Если «Мюнхгаузен» — лучшая из телевизионных работ Захарова, то «Поминальная молитва» — лучшая из театральных работ режиссера. В ней М. Захаров выявил наиболее сильные стороны своей постановочной индивидуальности, создав почти трагическое по силе и смыслу звучания зрелище, проникнутое громадной любовью к человеку и скорбью по поводу его судьбы, полной лишений и потерь.

«Поминальная молитва» — рассказ об одной местечковой еврейской семье, в которой — отец, мать и шестеро дочерей. Отец, которого играл Е. Леонов, главная фигура этого спектакля. Бесконечно преданный своим родным, переживающий за судьбу каждой из дочерей, Тевье — Е. Леонова поражал огромной эмоциональной силой характера. Драматические и комические одновременно проблемы, связанные с замужеством дочерей, радость от рождения первого внука и боль от смерти жены, а потом настоящая трагедия, настигшая семью с связи с тем, что ее лишали дома и переселяли за черту оседлости, — все то, что так глубоко переживал Тевье, становилось содержанием очень человечного и пронзительного по силе своего звучания спектакля.

Человек, укорененный в быту, в традициях родичей и предков, опутанный массой обыденных семейных неурядиц и драм, в результате оказывался один на один с Богом, о чем постоянно напоминал возвышающийся над маковкой храма крест и церковная музыка, звучащая в спектакле.

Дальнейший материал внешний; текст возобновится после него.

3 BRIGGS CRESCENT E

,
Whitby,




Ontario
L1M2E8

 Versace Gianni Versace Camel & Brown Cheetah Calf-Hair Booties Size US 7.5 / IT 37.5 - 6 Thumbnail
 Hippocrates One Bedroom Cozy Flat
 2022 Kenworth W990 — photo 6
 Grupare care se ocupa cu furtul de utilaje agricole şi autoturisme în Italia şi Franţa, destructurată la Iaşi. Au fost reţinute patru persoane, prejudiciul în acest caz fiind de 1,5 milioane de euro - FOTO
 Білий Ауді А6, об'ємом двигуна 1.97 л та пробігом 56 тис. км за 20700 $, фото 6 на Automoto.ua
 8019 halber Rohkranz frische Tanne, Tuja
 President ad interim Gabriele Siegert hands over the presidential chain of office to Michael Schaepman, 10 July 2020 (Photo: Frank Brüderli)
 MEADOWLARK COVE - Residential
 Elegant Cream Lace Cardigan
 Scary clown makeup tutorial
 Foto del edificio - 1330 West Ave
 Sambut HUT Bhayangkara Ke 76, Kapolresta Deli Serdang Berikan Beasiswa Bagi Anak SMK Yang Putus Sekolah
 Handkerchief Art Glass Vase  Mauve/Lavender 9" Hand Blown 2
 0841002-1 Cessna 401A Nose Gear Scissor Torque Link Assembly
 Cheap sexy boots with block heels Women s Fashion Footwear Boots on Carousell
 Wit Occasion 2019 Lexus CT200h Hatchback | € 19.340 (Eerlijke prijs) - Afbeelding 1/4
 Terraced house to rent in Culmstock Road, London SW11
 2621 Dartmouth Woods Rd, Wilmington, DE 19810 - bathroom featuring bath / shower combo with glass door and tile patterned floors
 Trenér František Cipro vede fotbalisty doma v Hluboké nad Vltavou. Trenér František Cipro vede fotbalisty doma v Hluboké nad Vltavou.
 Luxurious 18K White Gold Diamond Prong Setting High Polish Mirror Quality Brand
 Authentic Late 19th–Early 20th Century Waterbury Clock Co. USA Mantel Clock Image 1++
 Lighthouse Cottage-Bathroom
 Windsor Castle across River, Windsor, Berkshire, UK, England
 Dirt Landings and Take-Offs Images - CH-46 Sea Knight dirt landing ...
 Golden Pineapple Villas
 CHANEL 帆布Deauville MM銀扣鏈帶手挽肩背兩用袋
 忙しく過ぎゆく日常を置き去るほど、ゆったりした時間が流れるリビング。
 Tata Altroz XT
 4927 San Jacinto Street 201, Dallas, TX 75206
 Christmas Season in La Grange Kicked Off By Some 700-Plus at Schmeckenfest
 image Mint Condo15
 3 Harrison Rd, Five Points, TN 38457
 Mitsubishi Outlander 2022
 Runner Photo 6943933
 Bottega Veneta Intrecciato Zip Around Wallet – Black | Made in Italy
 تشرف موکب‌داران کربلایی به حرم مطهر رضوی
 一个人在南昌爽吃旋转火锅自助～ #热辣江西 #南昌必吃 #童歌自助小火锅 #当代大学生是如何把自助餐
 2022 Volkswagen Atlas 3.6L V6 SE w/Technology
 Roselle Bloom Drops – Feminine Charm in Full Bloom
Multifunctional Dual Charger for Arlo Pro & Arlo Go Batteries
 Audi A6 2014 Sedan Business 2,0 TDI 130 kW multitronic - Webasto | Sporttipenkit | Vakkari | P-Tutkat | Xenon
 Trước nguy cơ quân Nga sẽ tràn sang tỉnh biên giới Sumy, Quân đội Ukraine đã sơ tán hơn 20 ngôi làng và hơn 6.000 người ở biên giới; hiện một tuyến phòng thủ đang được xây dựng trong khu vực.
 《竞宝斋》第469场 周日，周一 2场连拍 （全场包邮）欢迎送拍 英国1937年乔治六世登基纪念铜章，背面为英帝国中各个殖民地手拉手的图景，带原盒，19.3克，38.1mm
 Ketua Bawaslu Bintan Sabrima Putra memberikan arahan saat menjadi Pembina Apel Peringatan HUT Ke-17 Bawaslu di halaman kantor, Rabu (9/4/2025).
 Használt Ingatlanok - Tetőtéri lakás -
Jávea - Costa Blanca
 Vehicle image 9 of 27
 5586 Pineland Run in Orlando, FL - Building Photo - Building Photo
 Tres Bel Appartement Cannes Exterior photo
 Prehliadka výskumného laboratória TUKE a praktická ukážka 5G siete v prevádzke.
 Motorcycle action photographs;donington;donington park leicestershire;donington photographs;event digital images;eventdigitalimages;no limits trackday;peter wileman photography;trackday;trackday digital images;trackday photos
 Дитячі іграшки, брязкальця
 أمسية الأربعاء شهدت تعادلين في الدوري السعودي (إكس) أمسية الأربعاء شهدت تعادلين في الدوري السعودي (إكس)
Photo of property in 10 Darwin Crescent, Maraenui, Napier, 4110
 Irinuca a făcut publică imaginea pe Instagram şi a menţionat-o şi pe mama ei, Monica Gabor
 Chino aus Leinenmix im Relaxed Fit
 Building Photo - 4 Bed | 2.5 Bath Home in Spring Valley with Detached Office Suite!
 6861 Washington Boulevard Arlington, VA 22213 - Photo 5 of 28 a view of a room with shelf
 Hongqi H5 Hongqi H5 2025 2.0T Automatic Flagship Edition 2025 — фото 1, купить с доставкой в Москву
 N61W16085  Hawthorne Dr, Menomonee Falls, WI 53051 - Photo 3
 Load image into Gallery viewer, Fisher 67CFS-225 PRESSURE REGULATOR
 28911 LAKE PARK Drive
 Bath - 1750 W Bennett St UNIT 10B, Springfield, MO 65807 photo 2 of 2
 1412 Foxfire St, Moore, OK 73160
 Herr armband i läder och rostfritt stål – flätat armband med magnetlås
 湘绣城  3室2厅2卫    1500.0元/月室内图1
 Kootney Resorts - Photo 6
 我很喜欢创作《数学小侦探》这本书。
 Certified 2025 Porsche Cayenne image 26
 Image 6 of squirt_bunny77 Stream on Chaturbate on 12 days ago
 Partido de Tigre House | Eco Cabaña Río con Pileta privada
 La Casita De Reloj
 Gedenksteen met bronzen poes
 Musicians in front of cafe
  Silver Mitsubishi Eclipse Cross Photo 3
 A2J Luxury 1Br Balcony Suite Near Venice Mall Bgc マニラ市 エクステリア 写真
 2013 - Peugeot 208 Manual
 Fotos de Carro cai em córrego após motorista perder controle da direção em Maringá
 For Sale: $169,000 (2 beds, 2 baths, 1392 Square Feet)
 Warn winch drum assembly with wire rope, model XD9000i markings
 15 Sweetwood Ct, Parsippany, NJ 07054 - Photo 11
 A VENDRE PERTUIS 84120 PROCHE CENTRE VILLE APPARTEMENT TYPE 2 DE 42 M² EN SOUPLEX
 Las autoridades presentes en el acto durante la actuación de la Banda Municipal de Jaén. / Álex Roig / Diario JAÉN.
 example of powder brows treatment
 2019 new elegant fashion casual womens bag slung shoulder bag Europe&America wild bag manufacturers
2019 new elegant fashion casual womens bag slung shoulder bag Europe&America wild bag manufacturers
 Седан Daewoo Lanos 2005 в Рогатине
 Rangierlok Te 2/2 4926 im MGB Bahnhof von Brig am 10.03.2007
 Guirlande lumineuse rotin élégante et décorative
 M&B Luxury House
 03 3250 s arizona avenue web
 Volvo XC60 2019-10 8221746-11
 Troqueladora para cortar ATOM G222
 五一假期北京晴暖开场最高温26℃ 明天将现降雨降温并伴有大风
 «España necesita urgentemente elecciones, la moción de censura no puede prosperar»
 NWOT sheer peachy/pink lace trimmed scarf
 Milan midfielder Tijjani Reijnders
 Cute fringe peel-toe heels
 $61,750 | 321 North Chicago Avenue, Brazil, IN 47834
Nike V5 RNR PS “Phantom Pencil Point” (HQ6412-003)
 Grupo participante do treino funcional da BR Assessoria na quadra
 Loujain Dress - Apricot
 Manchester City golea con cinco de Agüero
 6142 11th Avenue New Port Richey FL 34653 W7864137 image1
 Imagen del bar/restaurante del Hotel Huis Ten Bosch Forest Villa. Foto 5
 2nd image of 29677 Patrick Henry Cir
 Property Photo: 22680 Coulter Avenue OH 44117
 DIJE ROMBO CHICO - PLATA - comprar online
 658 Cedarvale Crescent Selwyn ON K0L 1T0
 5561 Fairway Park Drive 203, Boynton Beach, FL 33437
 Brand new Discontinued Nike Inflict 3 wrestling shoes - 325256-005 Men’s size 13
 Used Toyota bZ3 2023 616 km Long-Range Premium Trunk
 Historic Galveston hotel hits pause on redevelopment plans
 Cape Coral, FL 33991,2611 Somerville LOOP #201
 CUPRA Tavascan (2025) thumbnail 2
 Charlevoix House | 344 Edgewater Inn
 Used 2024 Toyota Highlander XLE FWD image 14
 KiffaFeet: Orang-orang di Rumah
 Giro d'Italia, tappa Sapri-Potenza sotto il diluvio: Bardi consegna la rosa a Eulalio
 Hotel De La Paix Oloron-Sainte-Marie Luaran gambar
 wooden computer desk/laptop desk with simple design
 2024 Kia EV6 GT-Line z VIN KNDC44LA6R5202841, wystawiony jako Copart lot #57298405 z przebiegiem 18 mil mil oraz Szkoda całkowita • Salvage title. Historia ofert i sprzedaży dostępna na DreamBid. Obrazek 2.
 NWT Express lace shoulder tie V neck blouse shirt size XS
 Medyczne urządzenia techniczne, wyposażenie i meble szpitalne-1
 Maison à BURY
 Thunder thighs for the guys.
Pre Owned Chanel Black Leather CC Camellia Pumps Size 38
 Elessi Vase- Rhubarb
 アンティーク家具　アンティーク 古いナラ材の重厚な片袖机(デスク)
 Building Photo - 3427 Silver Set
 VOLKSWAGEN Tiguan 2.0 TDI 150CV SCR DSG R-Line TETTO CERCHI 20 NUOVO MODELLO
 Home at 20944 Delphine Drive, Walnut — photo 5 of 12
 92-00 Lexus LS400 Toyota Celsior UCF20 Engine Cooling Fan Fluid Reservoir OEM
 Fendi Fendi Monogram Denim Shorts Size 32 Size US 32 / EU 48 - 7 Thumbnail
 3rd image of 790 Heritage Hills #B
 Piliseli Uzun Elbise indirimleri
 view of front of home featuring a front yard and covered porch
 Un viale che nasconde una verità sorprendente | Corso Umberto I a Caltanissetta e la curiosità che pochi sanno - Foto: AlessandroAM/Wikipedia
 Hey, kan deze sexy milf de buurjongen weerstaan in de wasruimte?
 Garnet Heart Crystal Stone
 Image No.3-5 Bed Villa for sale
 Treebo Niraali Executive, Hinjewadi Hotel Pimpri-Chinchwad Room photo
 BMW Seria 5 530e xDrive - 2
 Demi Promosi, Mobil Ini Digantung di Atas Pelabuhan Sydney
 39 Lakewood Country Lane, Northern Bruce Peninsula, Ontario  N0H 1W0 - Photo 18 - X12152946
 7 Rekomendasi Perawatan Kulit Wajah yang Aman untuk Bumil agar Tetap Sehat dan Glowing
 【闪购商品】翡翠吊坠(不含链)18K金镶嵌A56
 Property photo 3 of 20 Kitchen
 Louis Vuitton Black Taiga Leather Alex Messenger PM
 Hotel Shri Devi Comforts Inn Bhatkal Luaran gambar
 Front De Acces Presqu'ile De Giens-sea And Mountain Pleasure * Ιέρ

Спектакль был посвящен именно этой связи человека с высшим началом жизни, что придавало зрелищу совершенно особое качество, вовсе не характерное для театра шестидесятников. Достаточно назвать «Без креста» по повести В. Тендрякова, постановку «Современника» 1960-х годов, которая так грубо, по-советски трактовала вопросы христианской веры, что было так характерно для ментальности того времени, чтобы понять, насколько далеко ушел М. Захаров уже в конце 1980-х годов от советской реальности. Это стремление измерять ценность человеческой жизни не с помощью социальных категорий, что было свойственно советскому театру, а категорий, выходящих за границы социального, что стало характерным для театра постсоветского, показывало эволюцию режиссера Марка Захарова. А возможно обращение к высшему началу жизни, к Богу появилось у Захарова не вдруг, не на пустом месте. А в каком-то смысле было с ним всегда. Ведь и в «Юноне и Авось» тоже звучала церковная музыка, тоже человек был взят не в социальном измерении, а в измерении неведомой судьбы, управляемой некими высшими, неизвестными человеку силами. Как только начинаешь разбираться в деталях творческого мироощущения Марка Захарова, так сразу упираешься в его уникальную самобытность и удаленность от мировоззрения своих собратьев по поколению.

173

Захаров М. Театр без вранья. М., 2007. С. 24.

174

Захаров М. Контакты на разных уровнях. М., 2000. С. 19.